2. Place the entire squash (yes, the whole thing. No, you don't have to poke holes in it but it can explode (I've had that happen and it makes quite the mess) into the microwave and cook for 8-10 minutes.
3. Use oven mitts to remove the squash from the microwave and carefully cut it open with a large knife. The skin should be pretty soft after cooking. Let the squash cool (or burn your hands. That's what I did).
4. Use a fork/spoon/any other utensil to remove the seeds and attached strands just like you would with a pumpkin.
5. Use a fork (yes, a fork this time) to pull apart the flesh of the squash. It should easily come out in long strands. If it is still hard in places, place flat down on the plate and microwave for another minute or two. Its not critical for it to come out perfectly. 

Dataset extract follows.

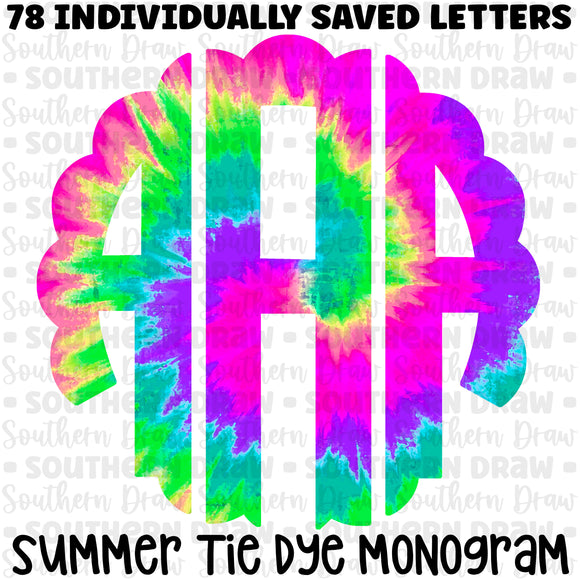 Summer Tie Dye Monogram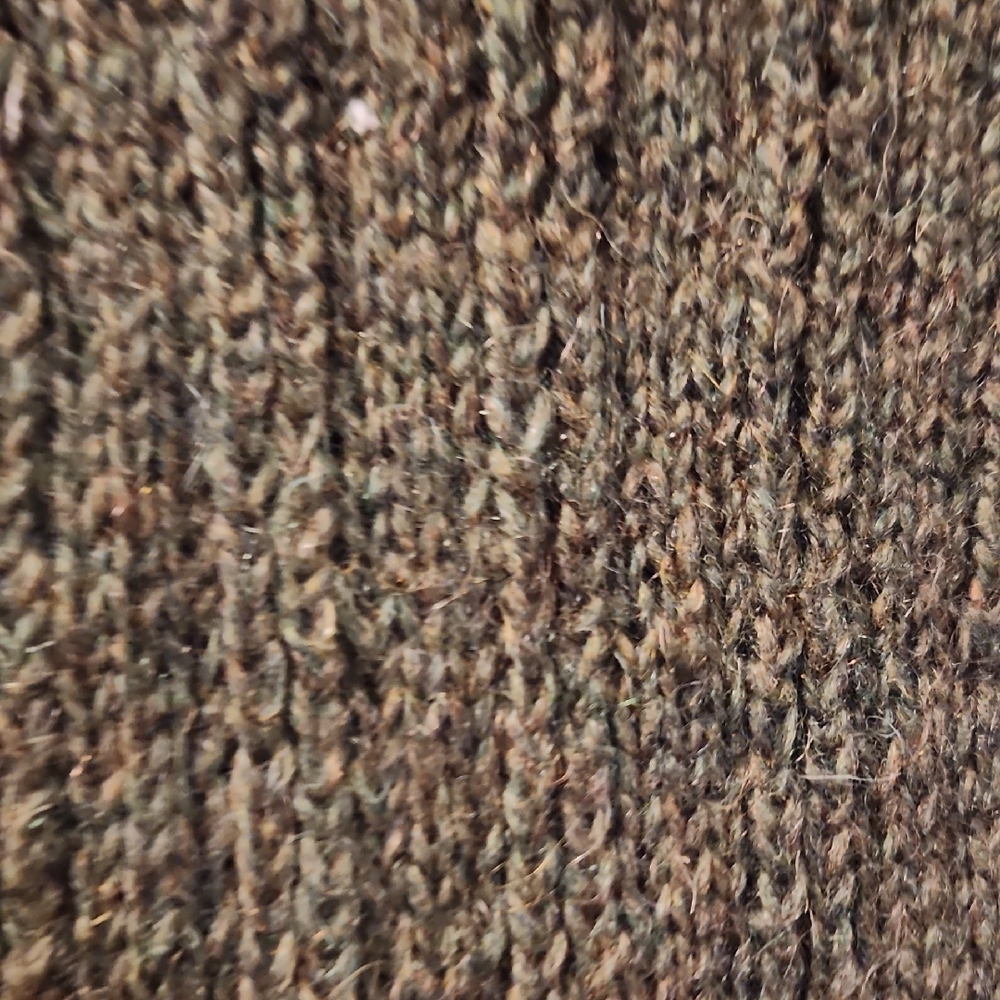 Handmade Olive Green Knit Cardigan with Decorative Goldtone Buttons - Picture 11 of 13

6. Use paper towel to pat as much liquid from the squash flesh as you can.
7. Take all the squash strands and put them in a non-stick skillet and cook with a little EVOO and garlic. Keep moving it around to get it cooked through.
8. Meanwhile, heat up whatever sauce you want to use. I used jar spaghetti sauce with polish kielbasa (its a Hansen family thing), but it would also be really good with sausage or ground beef. Or you could just go simple and toss it with garlic, oil, and parm.

Cooking it up

Yummm!

Surprisingly, this was a hit with both Chris and I. The squash really has an al dente angel hair texture and works great with the spaghetti sauce. I read that it only has about 60 calories per cup (I got about 5 cups out of my one squash) and is very high in vitamin B. 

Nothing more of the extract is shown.